Honeymoon Island. The most-visited park in the state for a reason: it's a barrier island with four miles of Gulf beach, reachable by a causeway from Dunedin, no ferry required. Osprey nests line the pine flatwoods on the north loop trail, and the passenger ferry to undeveloped Caladesi Island leaves from the south end. Around $8 per vehicle. The honest read is that the south beach parking lot fills by 10 a.m. on weekends from March through May; come at opening or after 3 p.m., or come in February when the locals have it back.

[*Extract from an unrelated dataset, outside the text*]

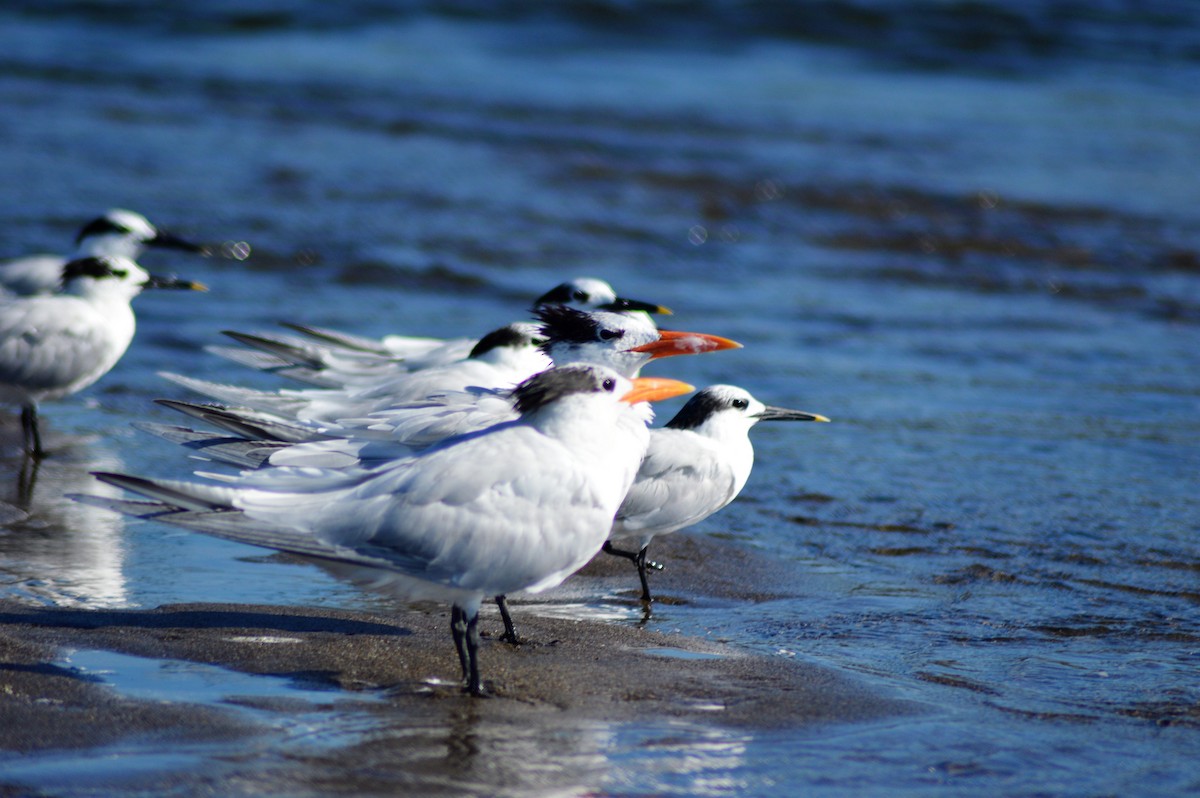 Royal Tern - Rene Salvador Mena Guzman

Myakka River. Forty-five minutes south of Sarasota and one of the largest parks in the system, Myakka is where you go to understand what Florida looked like before subdivisions. Twelve miles of wet prairie and palm hammock, a canopy walkway 25 feet up in the live oaks, and an alligator population on the lower lake that does not require effort to find. Around $6 per vehicle. The airboat tour is fine but the better move is the walking loop at the weir at dawn. Avoid July and August unless you have a real tolerance for mosquitoes.

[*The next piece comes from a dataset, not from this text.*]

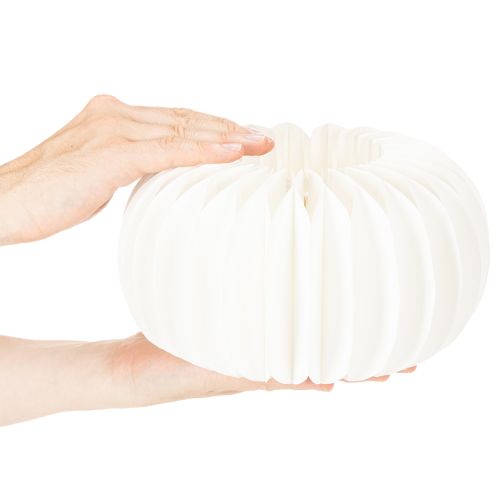 Méhsejt papír gyűrű tök kerek nagy szárított virágokhoz és őszi dekorációhoz 24cm 4db | Floristik24.hu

Lovers Key. Between Fort Myers Beach and Bonita Springs, Lovers Key is a chain of barrier islands that for years was reachable only by boat — the bridges came later, which is why the beach still feels like the back end of something. Bottlenose dolphins work the pass off the south end with reliability, and the manatee viewing platform on Estero Bay is a quieter alternative to the better-known winter spots. Around $8 per vehicle. The recent visitor center is genuinely useful, which is not always true of newer park infrastructure.
The Atlantic coast and the Keys
Anastasia. Across the Bridge of Lions from downtown St. Augustine, Anastasia covers four miles of Atlantic beach plus a tidal salt marsh that backs into the old coquina quarry — the same coquina that built the Castillo de San Marcos in the 17th century, dug right here. You can drive onto a stretch of the beach, which is either appealing or appalling depending on your priors. Around $8 per vehicle. Pair it with a morning in the historic district and you've justified the trip; treating it as a standalone destination undersells what's around it.

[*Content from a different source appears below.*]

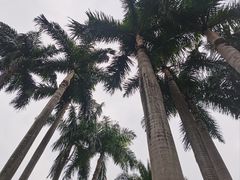 -南宁市动物园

Bahia Honda. Mile marker 37 in the Lower Keys, about two and a half hours south of Miami. The Calusa and Sandspur beaches are the closest thing in the continental US to Caribbean water — a function of the offshore reef, the lack of river outflow, and the sand grain size — and the old Flagler rail bridge frames the view from the south end. Around $8 per vehicle. The truthful caveat: hurricane damage and shifting sand have closed Sandspur intermittently in recent years, and the park's reef snorkel concession runs on a schedule that does not always match what's posted online. Call the day before.
One more thing
If you're going to visit more than three of these in a calendar year, the annual Florida State Parks pass pays for itself fast — it runs around $60 for an individual and covers entry at all 175 parks for the holder and passengers. Buy it at the first gate you stop at. Beyond the math, the better reason to plan ahead is that the most rewarding parks in this state are the ones you visit at the wrong time of day for the average tourist: the springs at 9 a.m. in February, the Gulf beaches an hour before sunset in October, the river hammocks in the half-hour after a summer thunderstorm clears. The parks haven't changed much in 90 years. The trick is showing up when the crowd hasn't.